While I’m writing this, the sun is shining and it’s cool enough to walk around comfortably. It’s amazing how, in a few days’ or even hours’ time, it could all turn black, windy or, as happened a few weeks ago, a thick mist could envelop the whole island over a grey sea.

In its own twisted way, nature, even when strangely eerie, is beautiful.

Maybe nature’s unexpected turns and its mutability are what makes it so wonderful. A short time ago, we were all scared about COVID and its shattering effects.

A small virus nearly ruined us all, ruined all we had built, turned our dreams into nightmares. But, in its own way, when COVID struck, when we were locked down, cut off, terrified, there was a serenity never seen for some time. There was a quiet in the roads, a carless desert of tarmac unused. The air was cleaner, the visibility clearer, the greenery crisper.

We even sat alone or in the company of a few and feared the worst but planned a better future post-COVID. We had time to think, reflect, devise new ways for ourselves, for our way of life, our world.

There was a realisation that the speed at which the world was going was totally wrong; the incessant building of new roads, new apartments, new gateways to a glitzier time, was not normal and had gone out of control. Most of us at that time realised we needed a total rethink if ever we did escape the virus onslaught.

When the virus, this minuscule microbe that devastated the whole globe’s normality, struck, we thought we had lost it all. All our life’s work was put into question. Travel, partying, even hugs, handshakes and cheek-kissing were out.

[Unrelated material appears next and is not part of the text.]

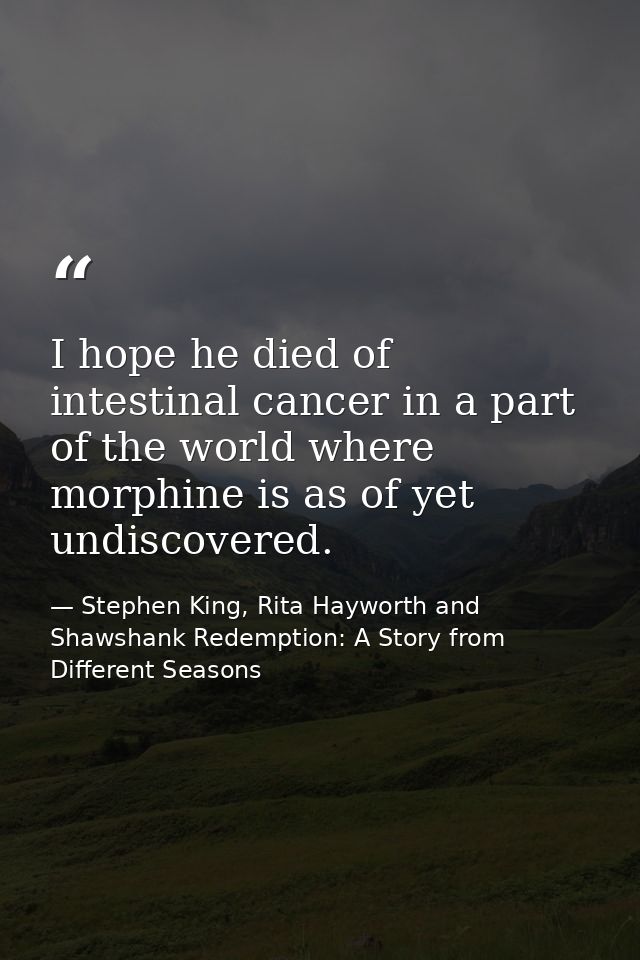 I hope he died of intestinal cancer in a part of the world where morphine is as of yet undiscovered. — Stephen King, Rita Hayworth and Shawshank Redemption: A Story from Different Seasons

Before the brutish virus spread around the world, we thought we had it all. We thought we had never had it so good, that we could never change our style.

When COVID came along and wrought its mayhem with the deaths, the suffering and the fear of contagion, we were exiled – or most of us were – inside our homes. There we fumed at our sorry state. We longed for the days when all was legitimate, all was possible, when the world throbbed at a frenetic pace.

We recalibrated, we assessed what we had before COVID and what we had at that moment in time; and we thought hard about new ways we should look at life, work/life balance and the future of the country and of the globe. If, indeed,  there would be a future; because we did also contemplate that the old world, the old ways, were dead.

While dreaming and hoping to get out of our hermit-style living, we pledged, or many of us did, that never again would we let go of this new soul-searching. We even envisaged a new way, a new wave of treating life, entertainment, travel and tourism. It seemed that we were finally convinced that, once COVID was over, there would follow a dream-like era where quality would always defeat quantity.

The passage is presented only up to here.